§ **EXERCISE GOAL**:
Could you reproduce every record below exactly, excluding all pictures?

§ **ENTRIES SUPPLIED**:
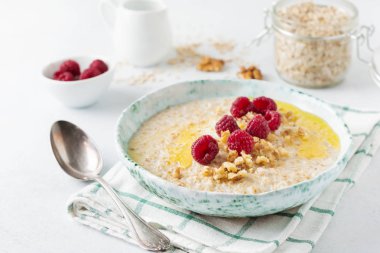 Taze ahududu, ceviz ve bir ışık taş veya beton arka plan bir seramik tabak tereyağı ile yulaf lapası. Seçici odak.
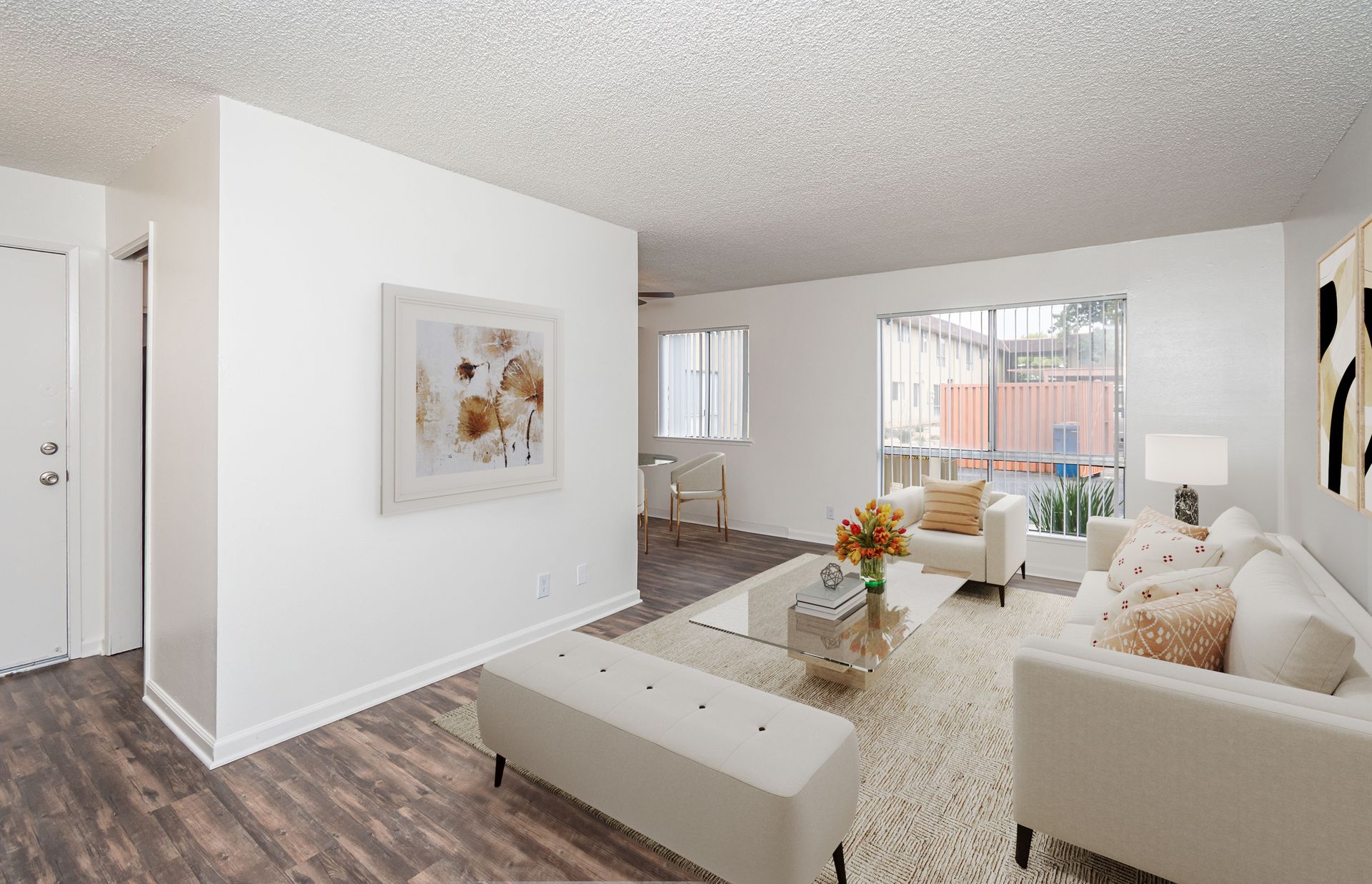 A living room with a couch , chair , coffee table and a painting on the wall.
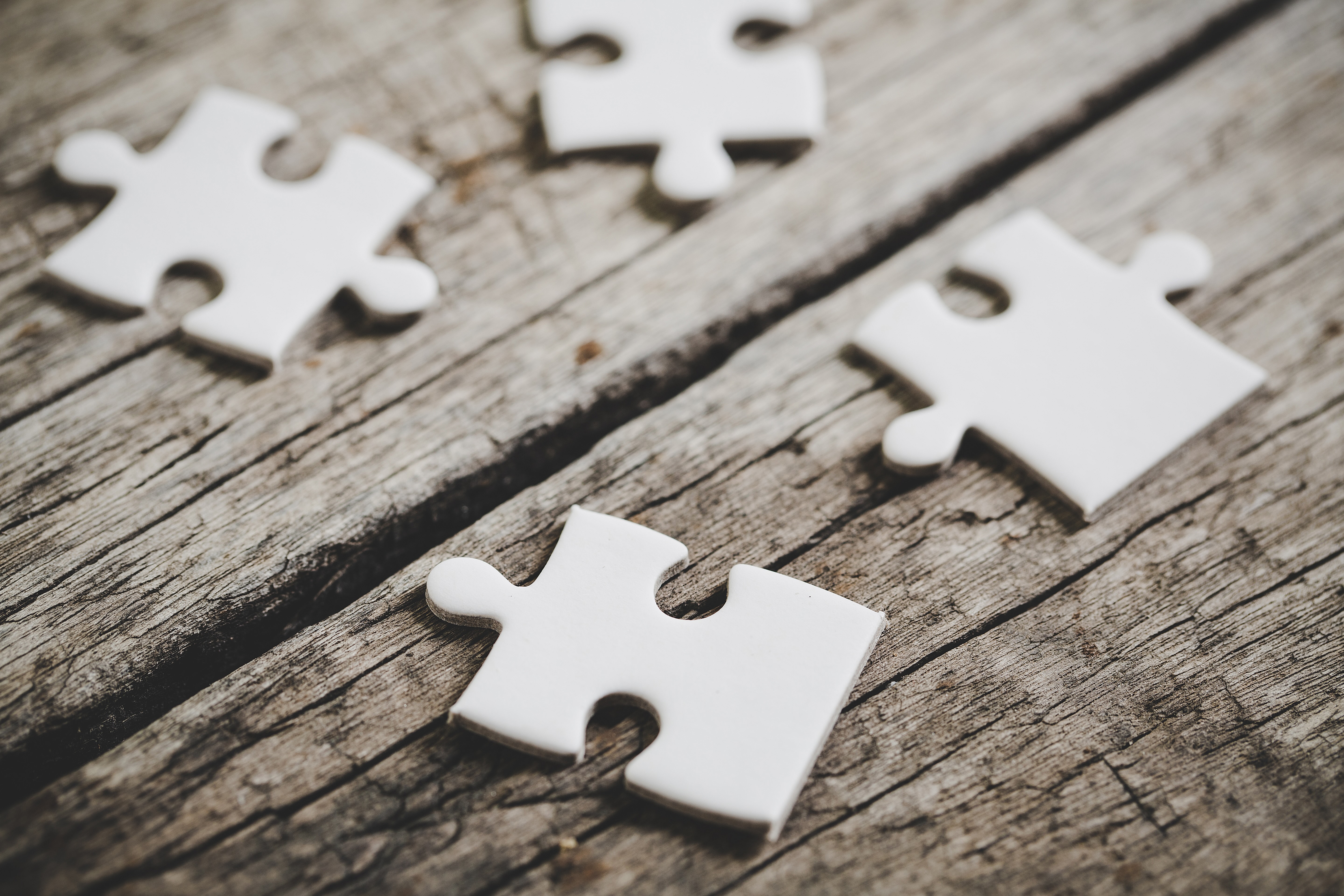 4 pièces de puzzle blanche sur une table en bois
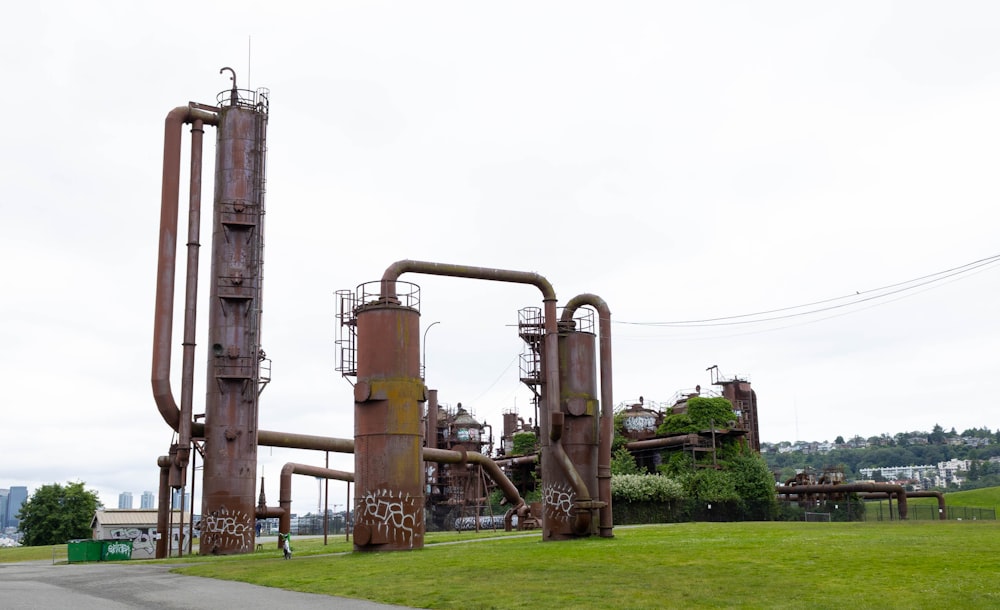 a group of metal structures with Gas Works Park in the background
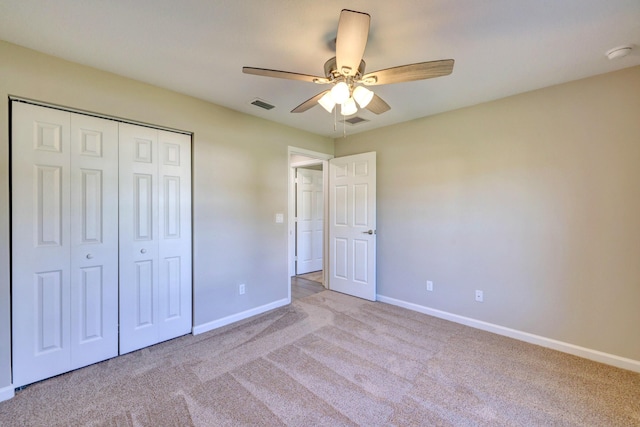 5800 NW Whitecap Rd, Port Saint Lucie, FL 34986 - unfurnished bedroom with carpet flooring, baseboards, a closet, and ceiling fan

§ **WRITTEN REPLY**:
 Taze ahududu, ceviz ve bir ışık taş veya beton arka plan bir seramik tabak tereyağı ile yulaf lapası. Seçici odak.
 A living room with a couch , chair , coffee table and a painting on the wall.
 4 pièces de puzzle blanche sur une table en bois
 a group of metal structures with Gas Works Park in the background
 5800 NW Whitecap Rd, Port Saint Lucie, FL 34986 - unfurnished bedroom with carpet flooring, baseboards, a closet, and ceiling fan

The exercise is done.